Var olanları yok etmek kolay. Yakın çevremizden bir örnek. ÇABA (Çayyolu Bölgesi Ağaçlandırma Derneği) tarafından dikilen ağaçlardan bir bölümü geçen yıl yandı. ???? Bu yılda mezarlık önündeki ağaçlar sökülerek yerine beton yığını bina yapılacak. Umarım bu son örnek olur… Çayyolu’na hakim tüm tepelere ağaç yerine villalar, teras evler ve çok katlı binalar dikilmeye BÜYÜK BİR İŞTAHLA devam ediliyor. Umarım ağaçsızlıktan yağışların azaldığında ellerini yüzlerini yıkayacak SU bulurlar….
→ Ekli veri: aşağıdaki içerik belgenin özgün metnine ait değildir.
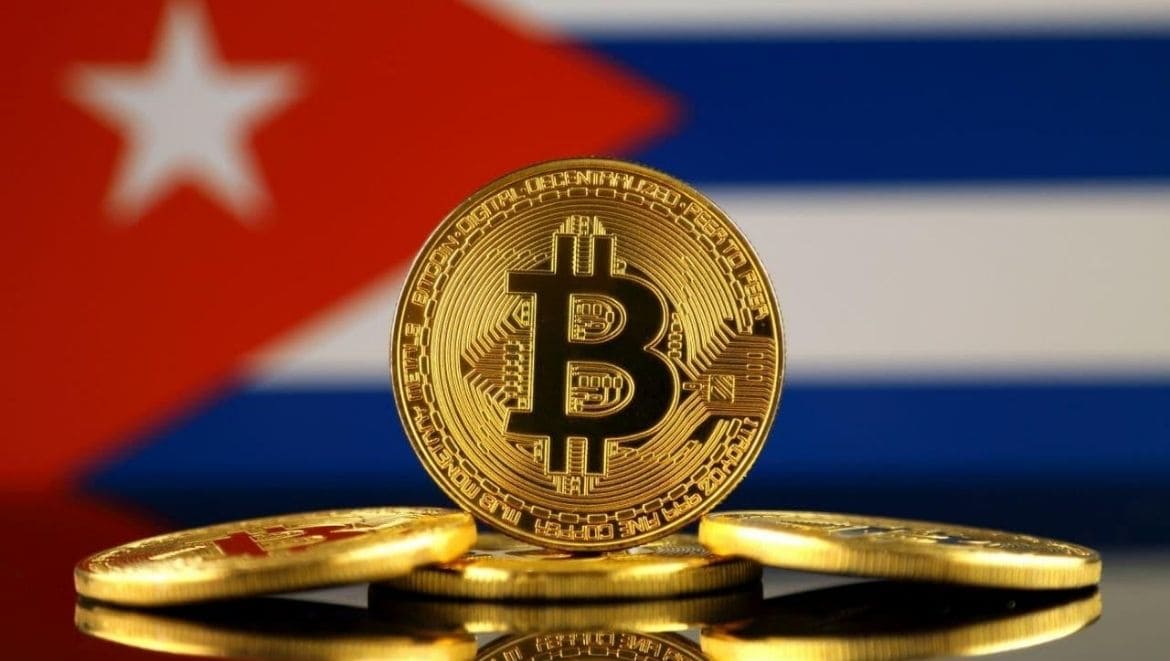 Куба планирует принять и регулировать крипту. Заглавный коллаж статьи.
Geçen gün Kızılay GÜVENPARK’IN Milli Eğitim Bakanlığı tarafından geçerken içim acıdı. Yaşlarını bilemem ama benden daha yaşlı oldukları kesin olan koca, koca ağaçlar kurumuştu. Bazılarının dalları kesilmiş, yerlerine macun sürülmüştü. Emekli olmadan önce, bir elemanı olarak Milli Eğitim Bakanlığına sık uğradığım zamanlar olurdu. Yaz sıcağında GÜVENPARKIN bu bölümünde bu ağaçların gölgesinde dinlenirdim. Belli ki bu yaz ne bu ağaçlar ne de gölgeleri olacak.
UNUTMAYALIM AĞAÇLAR, ÇİÇEKLER, BÖCEKLER. HAYVANLAR’DA doğanın birer parçası. Onlara da yaşam hakkı vermeliyiz. Hele AĞAÇ, HER BAKIMDAN OLMAZSA OLMAZIMIZ’DIR.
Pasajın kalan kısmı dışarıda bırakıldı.